Kondisi yang disebut FOMO (fear of missing out) semakin mengemuka di zaman serba digital, terutama seiring dengan menguatnya penggunaan media sosial sekarang ini.
Nah, apa sesungguhhnya yang dimaksud FOMO? Apa penyebabnya dan apa saja tanda-tandanya? Sejauh mana kaitan FOMO dengan penggunaan media sosial?
Kira-kira apa yang perlu dilakukan para orangtua jika kondisi FOMO menimpa anak-anak mereka? Bagaimana agar FOMO tidak sampai harus dialami anak-anak?
Menurut Kate Brush (2022), FOMO merupakan respons emosional terhadap keyakinan bahwa orang lain hidup lebih baik, atau memiliki kehidupan yang lebih memuaskan, maupun adanya hal-hal yang dinilai penting yang terlewatkan.

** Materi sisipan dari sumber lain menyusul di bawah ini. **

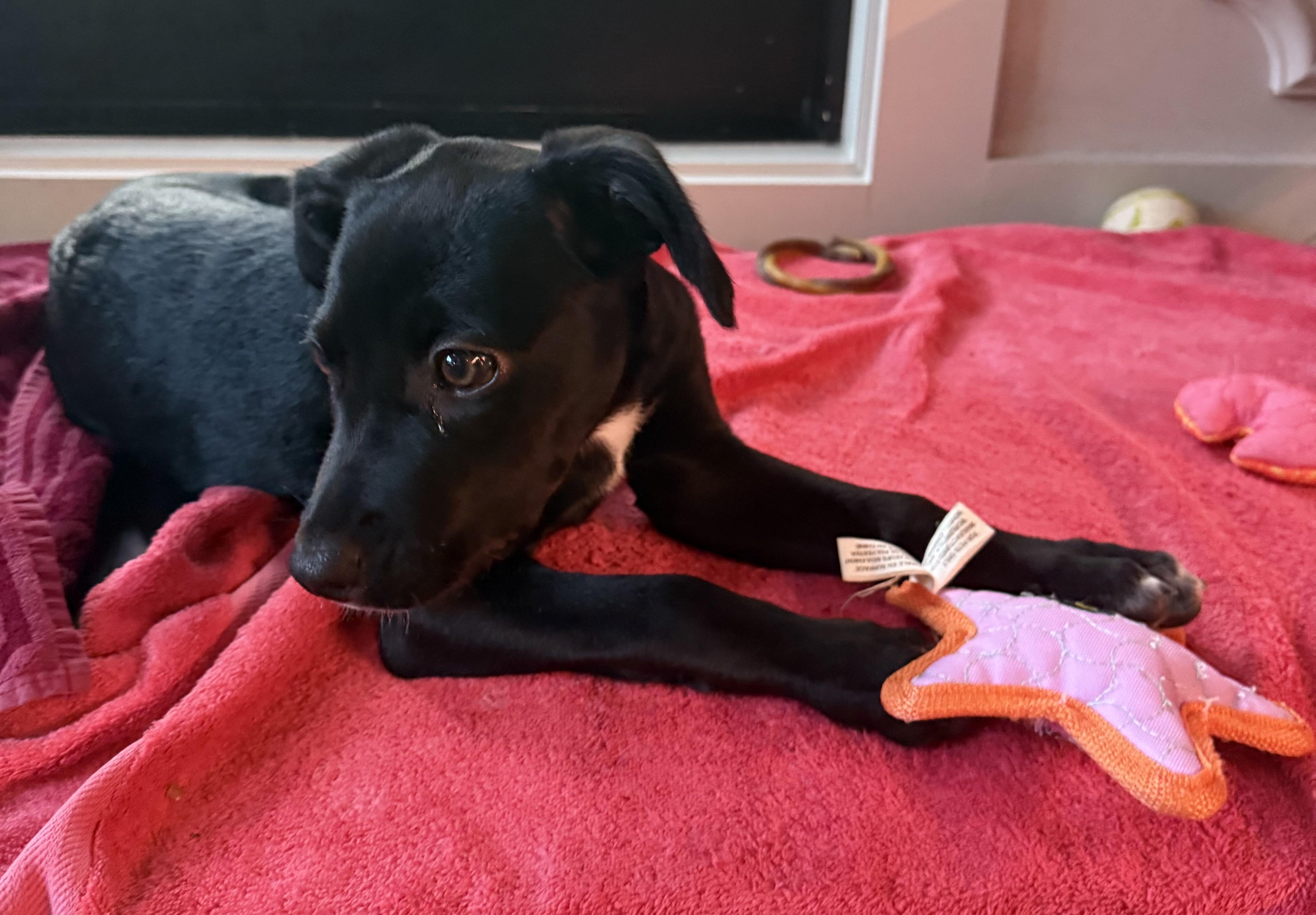 Tootie, an adoptable mixed breed in Austin, TX image 5/6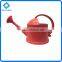 3.8L Garden Plastic Watering Can, Garden Watering Pot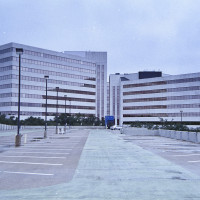 20151202 1626 Thanksgiving Random LunchBreak Espio ©JamesECockroft 2242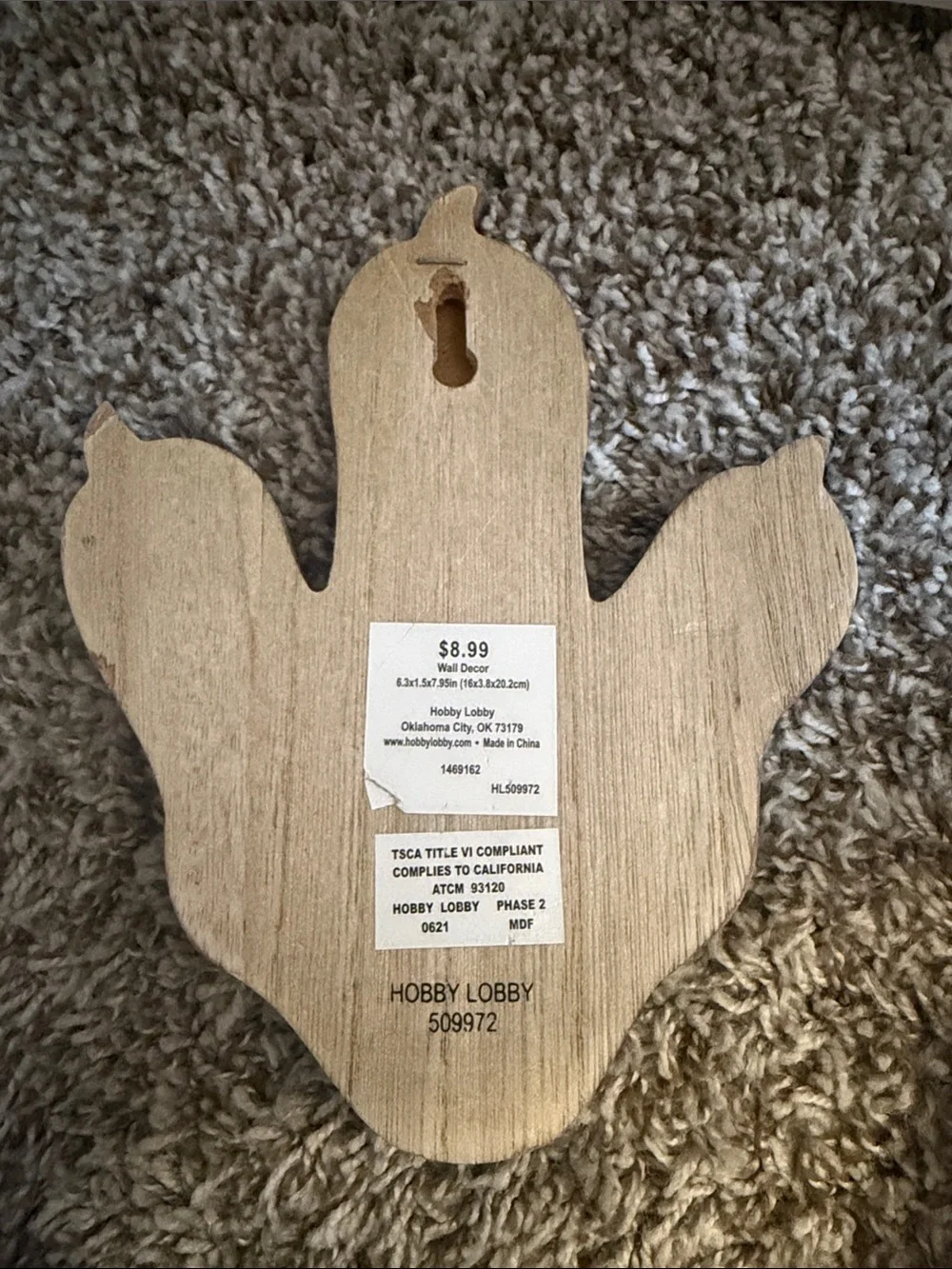 Hobby Lobby Green Cactus Bird Perch Hook
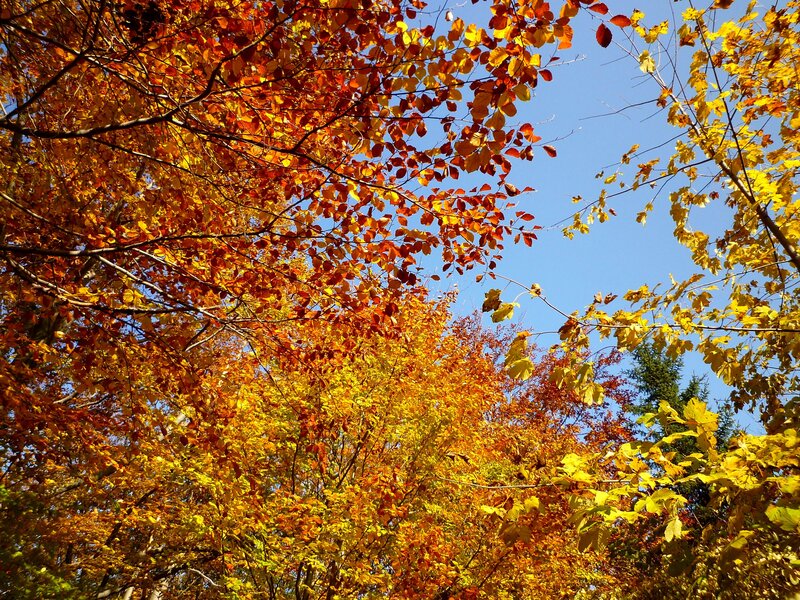 Autumn Trees with Colorful Leaves — Orange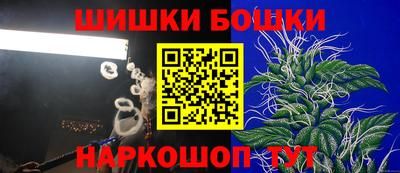 стаф Будённовск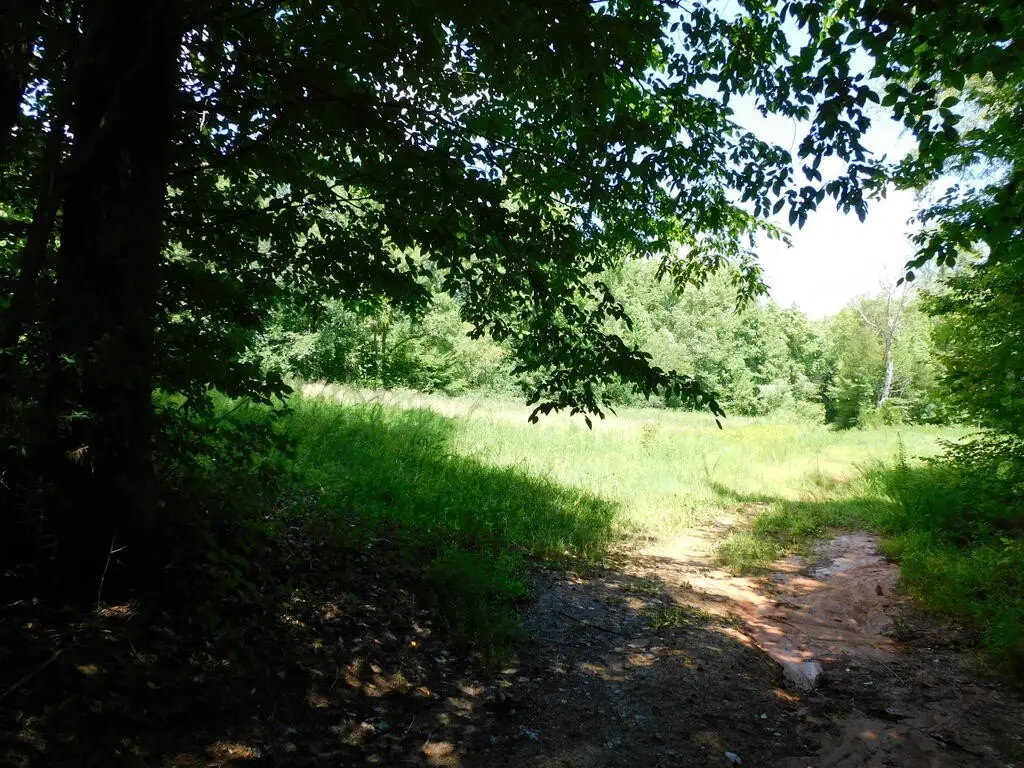 Picture 26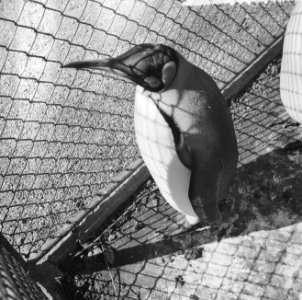 Pinguins, Bestanddeelnr 909-4581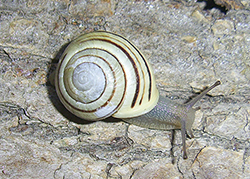 Cepaea hortensis. Фото 160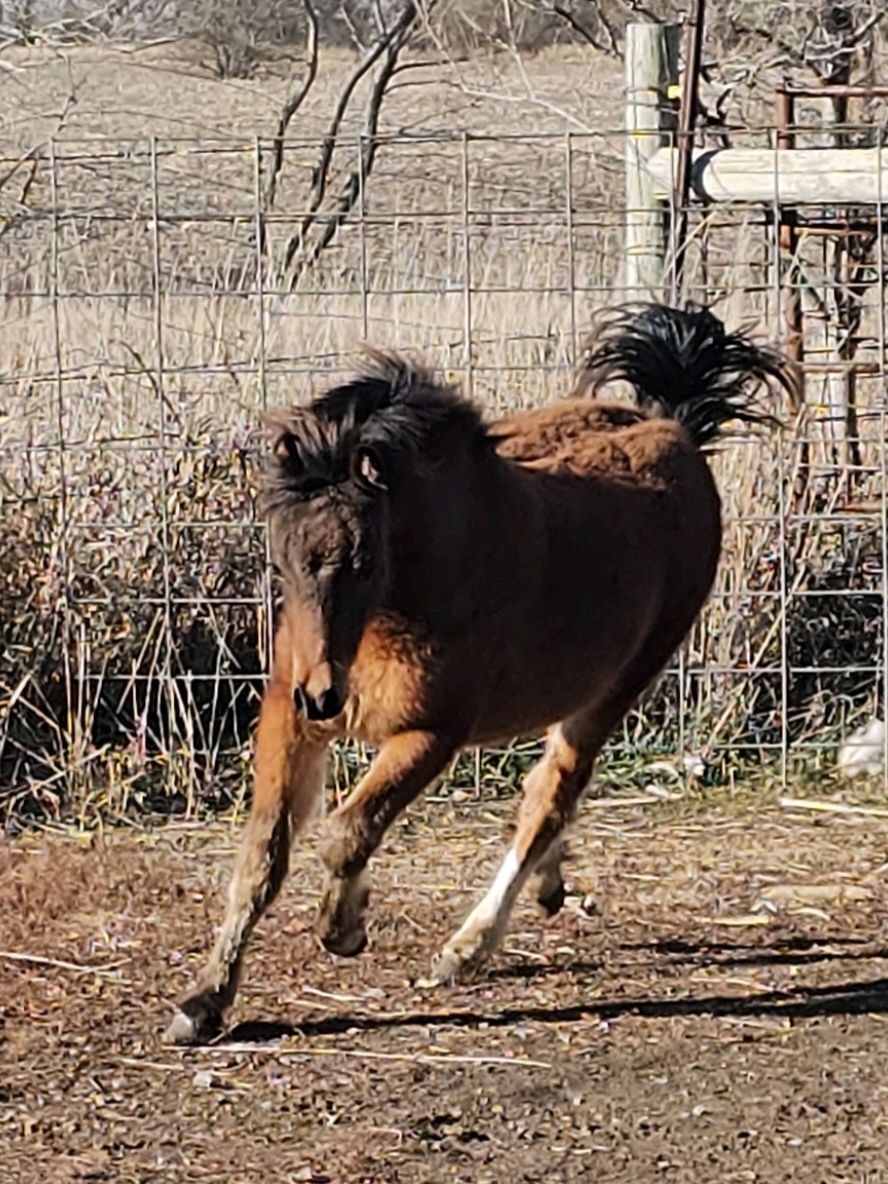 This gorgeous ASPC/AMHR bay 2024 colt will do really well in the show pen! He has the attitude, trainability and talent to be a top show contender like many of his paternal siblings. contact for details.  #devencreekshetlands #showhorses #showpony #baypony #bay #shetlandpony #shetlandponytiktok #pony #ponytail #ponylove #nebraska #horsesontiktok #forsale #beauty #winterbreak 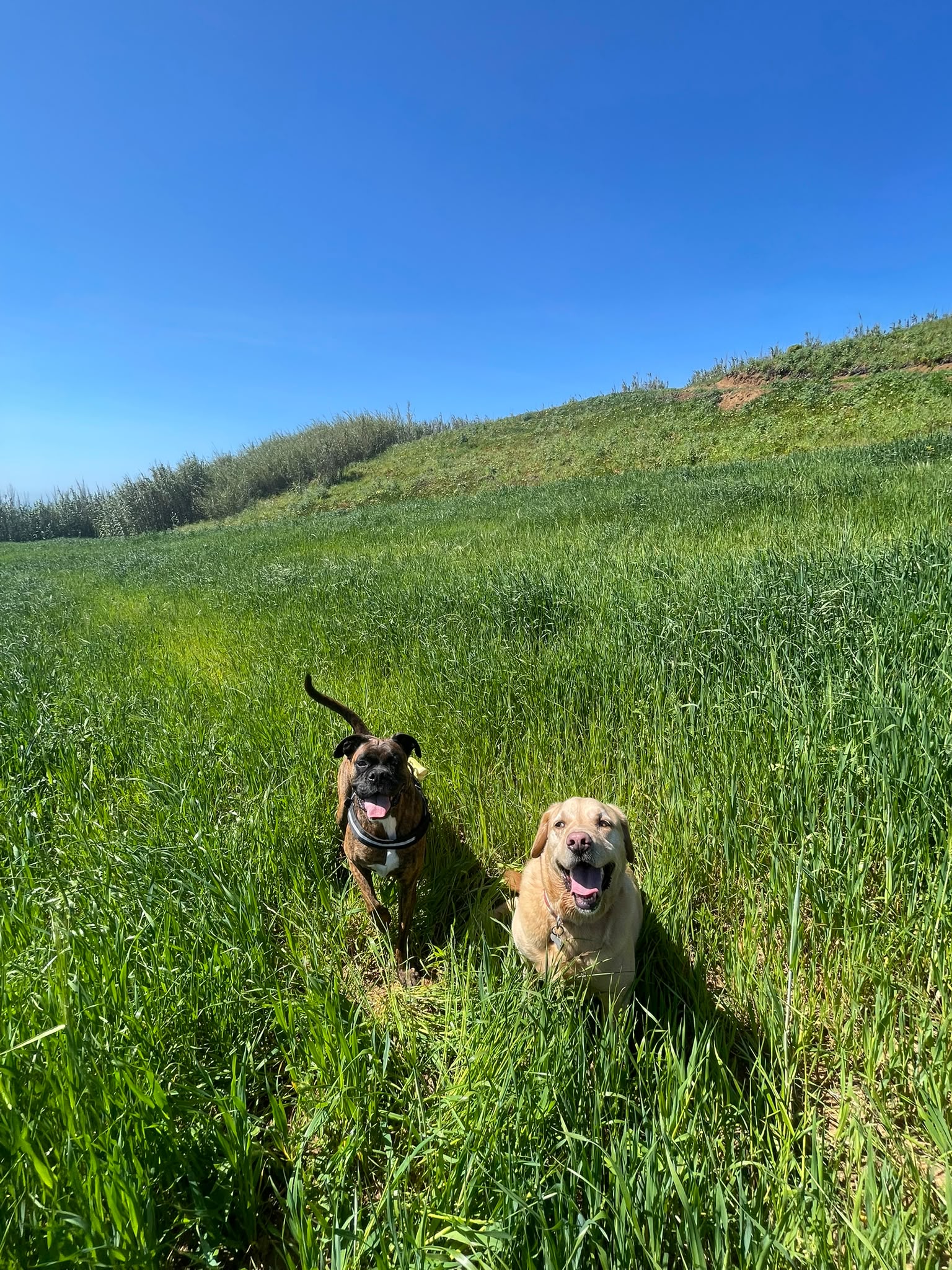 Dois cães felizes na relva ao ar livre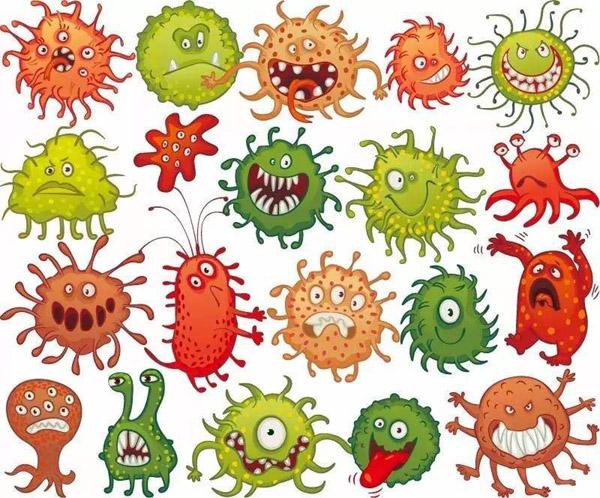 枯草芽孢桿菌_神奇的【枯草芽孢桿菌】菌肥都離不開你！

FOMO sering menyebabkan perasaan tidak nyaman, tidak puas, depresi dan stres. Keberadaan media sosial dituding telah meningkatkan prevalensi FOMO selama beberapa tahun terakhir ini.
Secara teoritis, kondisi FOMO dihasilkan oleh amigdala, yaitu bagian otak yang mendeteksi apakah ada sesuatu yang mengancam kelangsungan hidup atau tidak. Bagian otak ini merasakan bahwa kesan tertinggal dari orang lain sebagai ancaman, yang kemudian menciptakan stres dan kecemasan
Keberadaan ponsel pintar dan media sosial disebut-sebut telah ikut meningkatkan terjadinya kondisi FOMO karena menciptakan situasi di mana para penggunanya dapat terus-menerus memantau dan membanding-bandingkan hidup mereka dengan orang lain.
Apa-apa yang diposting dan muncul di media sosial lantas menjadi rujukan utama. Ketika muncul ketidakmampuan dalam hal mewujudkan apa yang menjadi rujukan, maka kecemasan atau ketidakpuasan segera menghinggapi.
Karenanya, media sosial kerap dianggap sebagai sebab dan akibat dari FOMO sekarang ini. Dalam kaitannya dengan media sosial inilah, terdapat beberapa tanda ketika seseorang telah mengalami kondisi FOMO.
Pertama, terus-menerus memeriksa media sosial (bahkan saat berlibur, keluar bersama teman, atau menghadiri acara yang menyenangkan sekalipun).
Kedua, selalu mengaktifkan notifikasi media sosial demi mendapatkan update terkini dan untuk melihat tanggapan orang-orang terhadap kiriman postingan yang diunggah.
Ketiga, merasa perlu terus menerus online untuk merespons setiap komentar atau posntingan yang diunggah di media sosial.
Keempat, secara obsesif terus-menerus memposting aktivitas harian melalui media sosial.
Kelima, cenderung merasa sedih, kesepian, atau tertekan setelah eksis di media sosial untuk jangka waktu yang lama.
Keenam, merasa tidak puas dengan kehidupan diri sendiri dengan selalu membandingkannya dengan kehidupan orang lain.
Ketujuh, membuat pilihan atau keputusan hanya berdasarkan apa yang dilihat secara online lewat media sosial.
Sebagai bagian dari masyarakat digital sekarang ini, anak-anak dapat pula dijangkiti oleh kondisi FOMO.
Orang tua memiliki peran krusial dalam ikut mengatasi dan juga menangkal kondisi FOMO yang kemungkinan dihadapi anak-anak mereka.
Para orang tua perlu menanamkan keyakinan kepada anak-anaknya bahwa apa yang dilihat secara online, terutama di jejaring media sosial, hanyalah bagian kecil dari kehidupan dan tak selalu menunjukkan realita yang sesungguhnya.
Berilah pengertian dan pemahaman kepada anak bahwa masih banyak hal-hal menarik dan bermanfaat yang dapat dilakukan secara offline daripada terus-menerus online mengakses media sosial.
Tantanglah anak agar berani hidup tanpa terus-menerus terkoneksi dengan dunia virtual dan yakinkan mereka bahwa kehidupan mereka akan baik-baik saja walau tak selalu terkoneksi dengan media sosial dan tak eksis di dalamnya.
Jelaskan pula kepada mereka bahwa setiap orang memiliki cara hidup dan kehidupannya masing-masing berikut kelebihan maupun kekurangannya, sehingga tidak perlu menjadikan orang lain sebagai patokan bagi kehidupan pribadi. Apalagi yang ingin dijadikan patokan sang anak hanya figur-figur yang dilihat lewat tampilan media sosial di dunia maya.